### Exercise objective
Whatever lies between the line with "Tour image of" and the end of the data, both included, must be copied exactly and without pictures.

### Source data
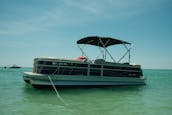 Bentley Pontoon Rental in Holmes Beach, Florida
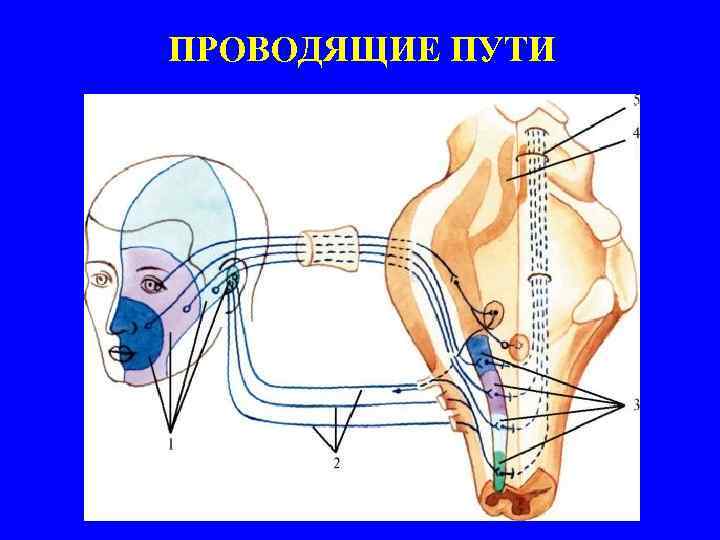 ПРОВОДЯЩИЕ ПУТИ 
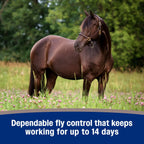 Farnam equine fly control product lifestyle display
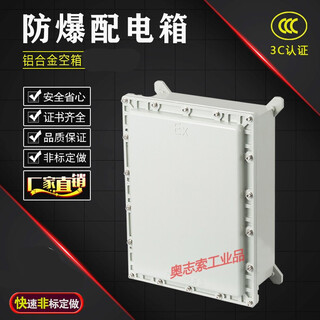Stainless steel explosion-proof distribution box instrument box control box lighting power box button box explosion-proof distribution cabinet wiring ling 400*500*200mm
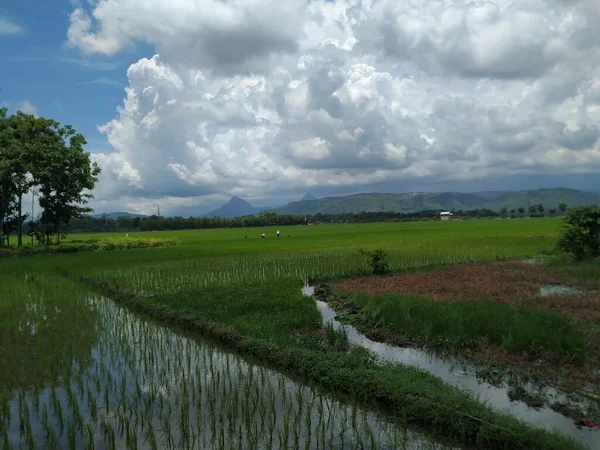 Рисовые Растения Фоне Гор Неба — стоковое фото
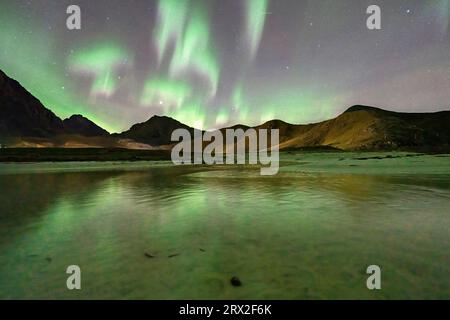 Grüne Lichter von Aurora Borealis (Nordlichter) spiegeln sich im gefrorenen Meer am Strand Haukland, den Lofoten, Nordland, Norwegen, Skandinavien Stockfoto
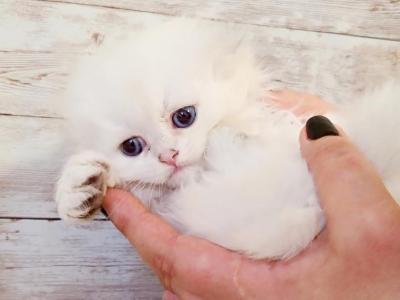 Scottish Fold Longhaired Baby Face Kitten - British Shorthair - Gallery Photo #1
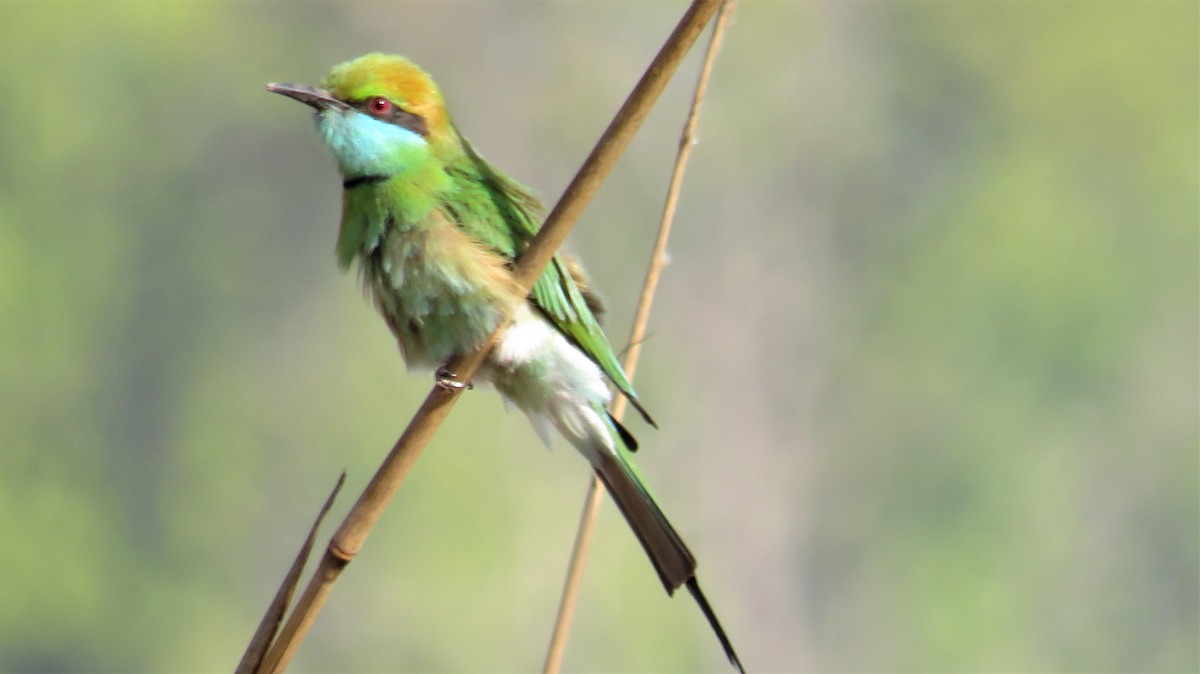 Asian Green Bee-eater - ML144637491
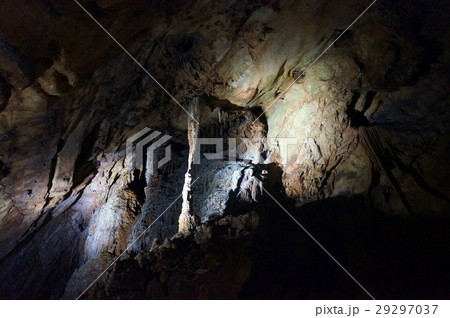 山口県 秋吉台・秋芳洞 山口県 秋吉台・秋芳洞 29297037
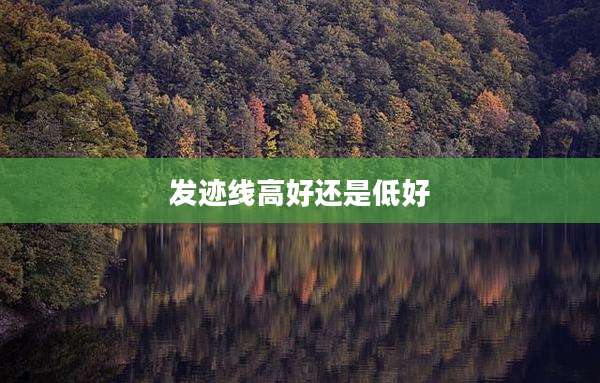 发迹线高好还是低好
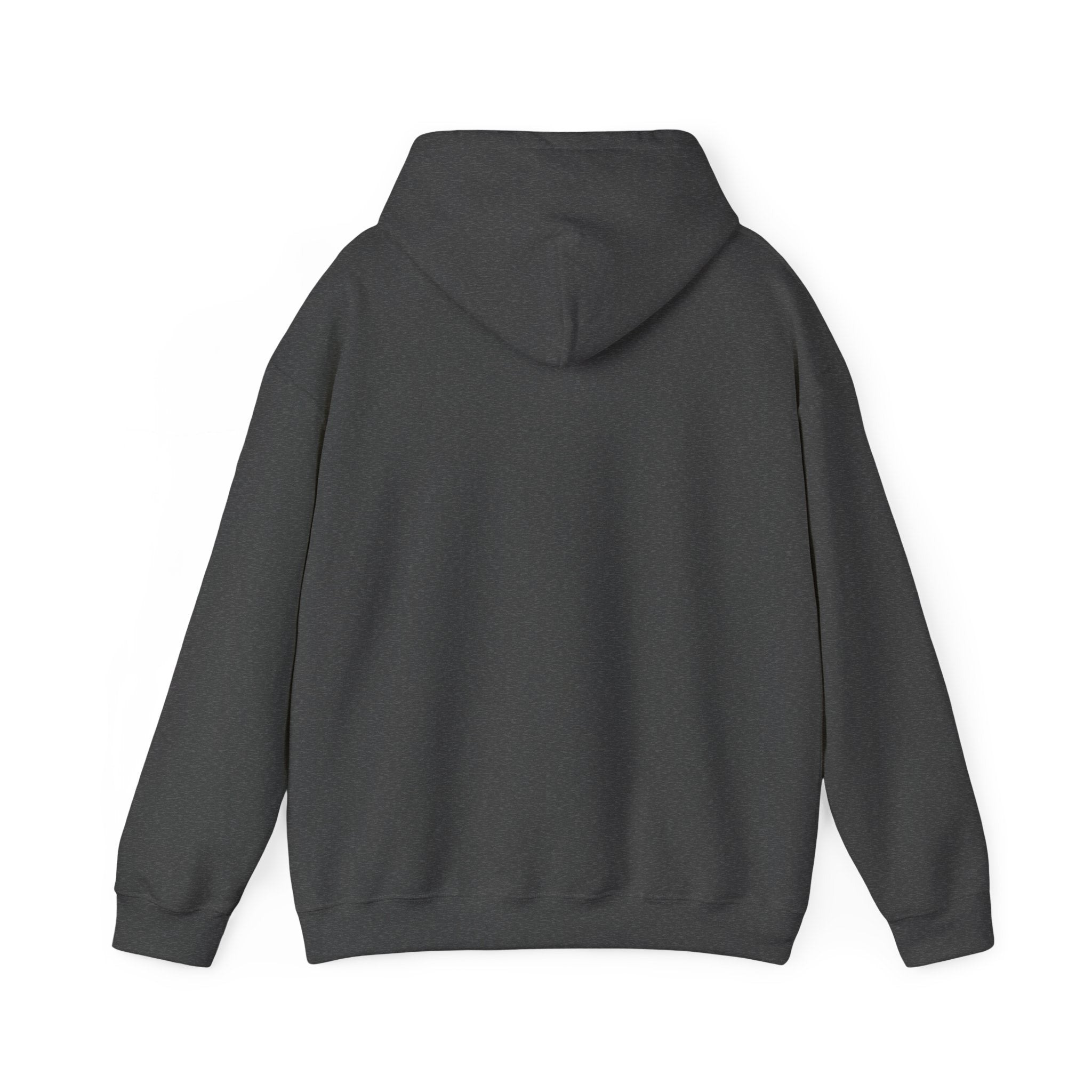 SOLO / Hooded Sweatshirt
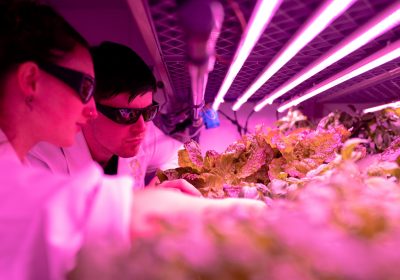 pexels-thisisengineering-3912479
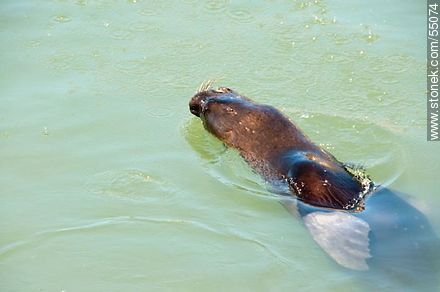 Lobo marino disfrutando su alimento en el puerto - Departamento de Maldonado - URUGUAY. Foto No. 55074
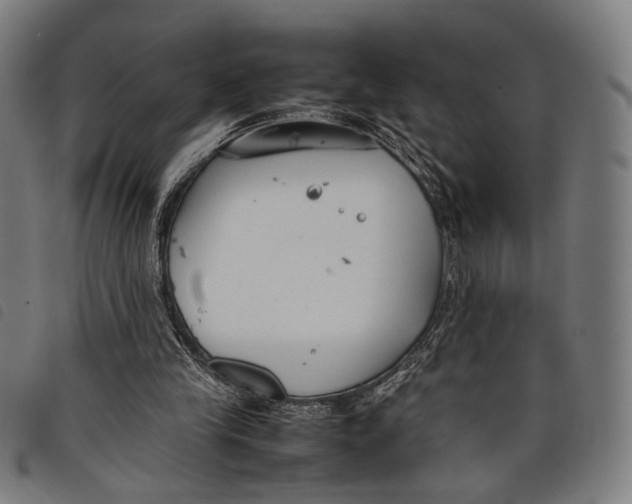 X0000097820245200804041405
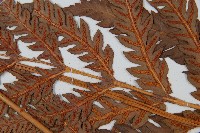 日本狗脊蕨藏品圖，第4張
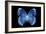 Miss Butterfly Formosana - X-Ray Black Edition-Philippe Hugonnard-Framed Photographic Print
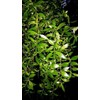 HPGS 10 Seeds - Mayten ""Weeping Green Shower"" Tree Seeds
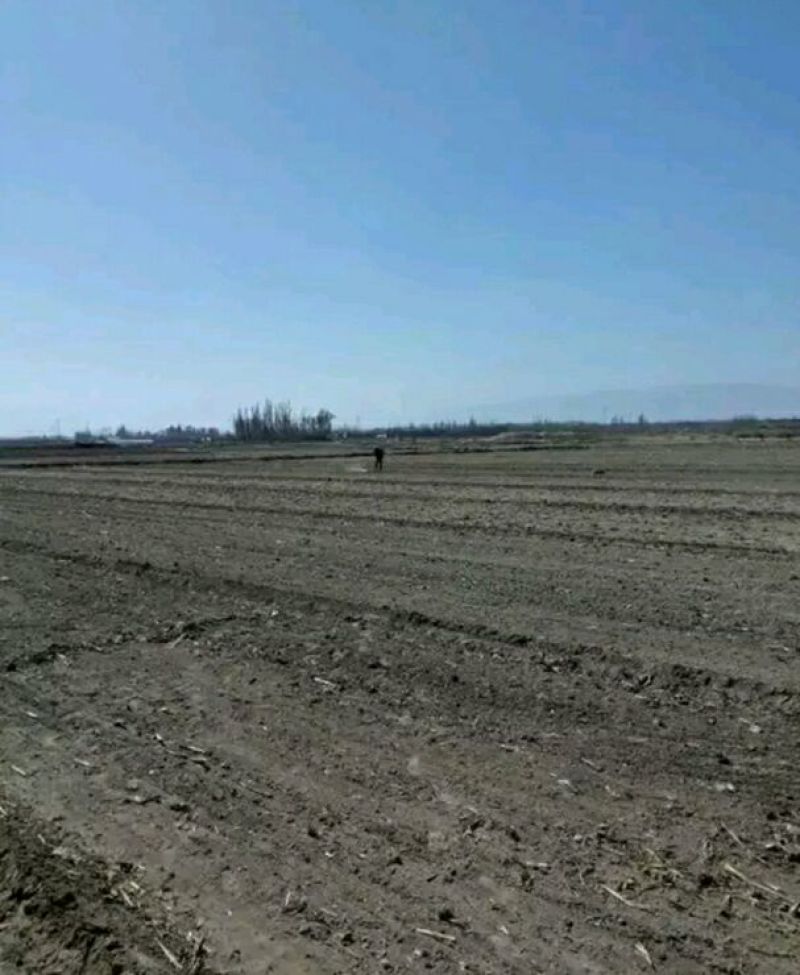 黑土地滴管全有，非常方便10~30年出租500亩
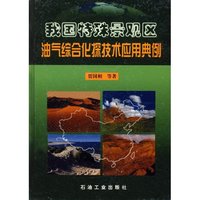 我国特殊景观区油气综合化探技术应用典例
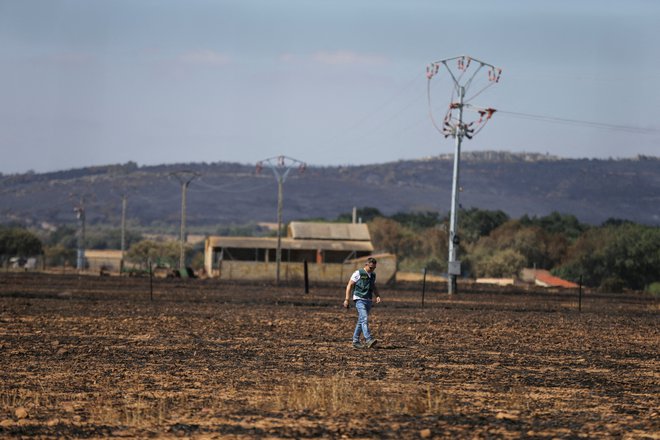 Huda suša v Španiji letos poleti. FOTO: Isabel Infantes/Reuters
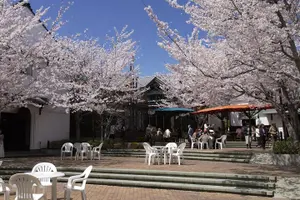 Tour image of Nagano Sake Tasting Walking Tour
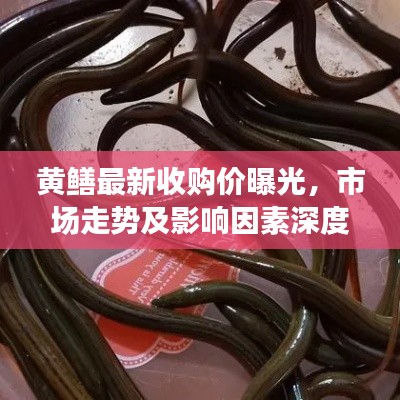 黄鳝最新收购价曝光，市场走势及影响因素深度解析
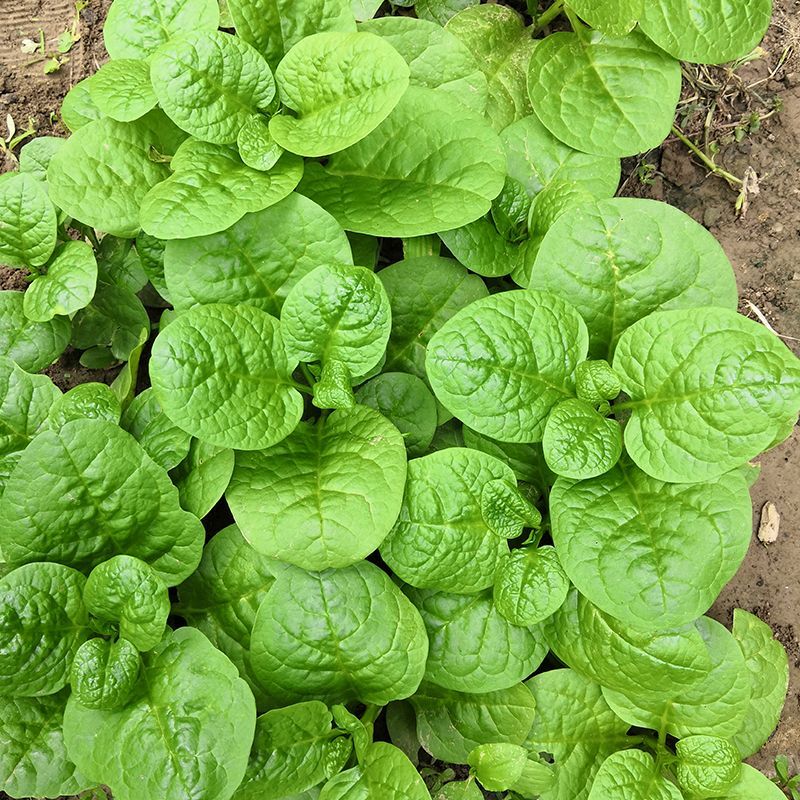 大叶木耳菜种子大圆叶厚叶木耳菜种籽耐抽苔高产四季蔬菜种孑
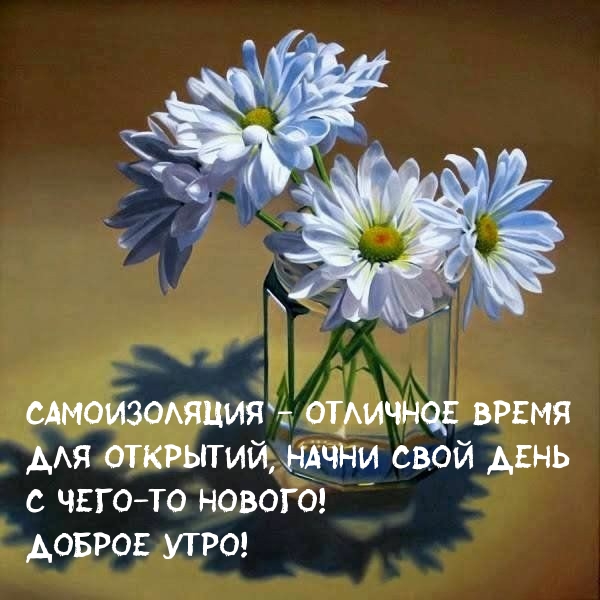 Самоизоляция — отличное время для открытий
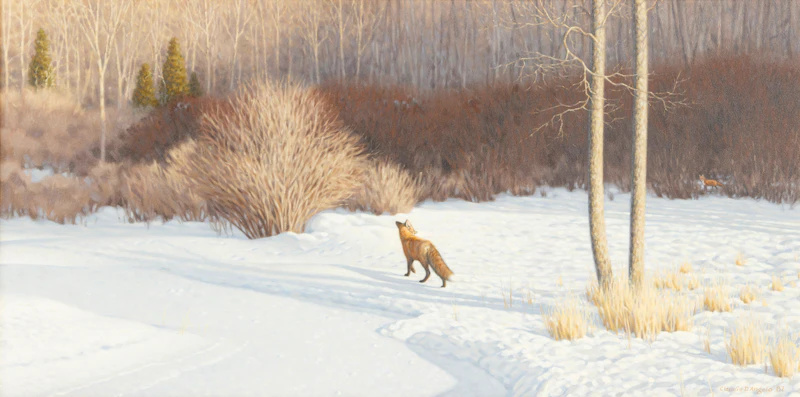 Claudio D’Angelo, Chance Encounter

### Task result
 Tour image of Nagano Sake Tasting Walking Tour
 黄鳝最新收购价曝光，市场走势及影响因素深度解析
 大叶木耳菜种子大圆叶厚叶木耳菜种籽耐抽苔高产四季蔬菜种孑
 Самоизоляция — отличное время для открытий
 Claudio D’Angelo, Chance Encounter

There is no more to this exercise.